Delay-Optimal Scheduling for Heterogeneous Users in NOMA Networks

Abstract

Delay performance of downlink non-orthogonal multiple access (NOMA) networks is investigated. To fully realize advantages offered by NOMA, we need to consider more realistic network environment; as such, departing from the literature on NOMA, this paper relaxes the full-buffer assumption and allows each user in the network to have its individual delay-cost function. The former captures the sporadic nature of data arrivals in some applications, while the latter accepts potential coexistence of heterogeneous users. In this context, we propose three transmission scheduling algorithms, namely the MDP-based, the $c- \mu$ -based, and the learning-based scheduling algorithms.
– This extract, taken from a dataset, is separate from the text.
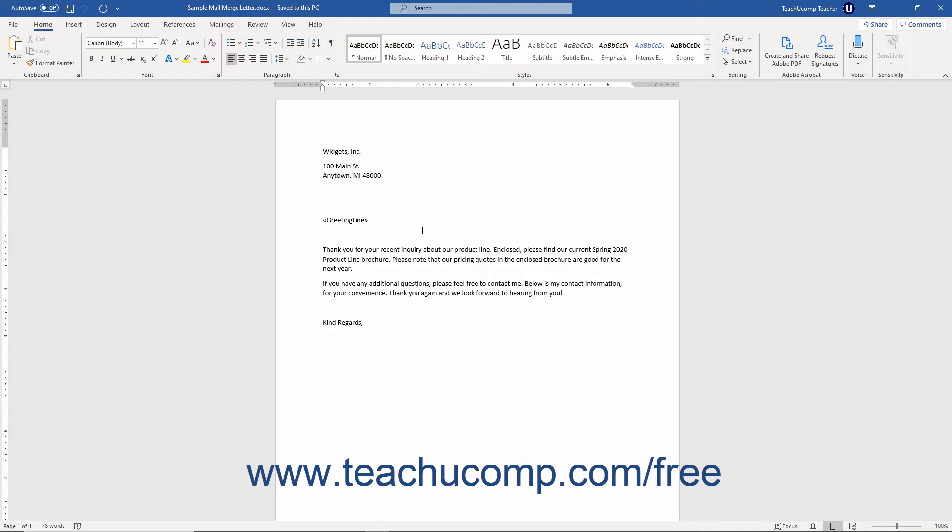To use the set bookmark mail merge rule in Word, click into the location in the document where you want to insert the set field.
While the MDP-based scheduling algorithm is shown to be delay-optimal, the other two scheduling algorithms enjoy the online feature where transmitters are oblivious to arrival statistics. Moreover, it turns out that the $c-\mu$ -based scheduling algorithm is a greedy version of the MDP-based scheduling algorithm and the learning-based scheduling algorithm is asymptotically delay-optimal. Simulation results corroborate our theoretical analysis and fortify the common belief about the superiority of NOMA over OMA, even without the full-buffer assumption and with heterogeneous users.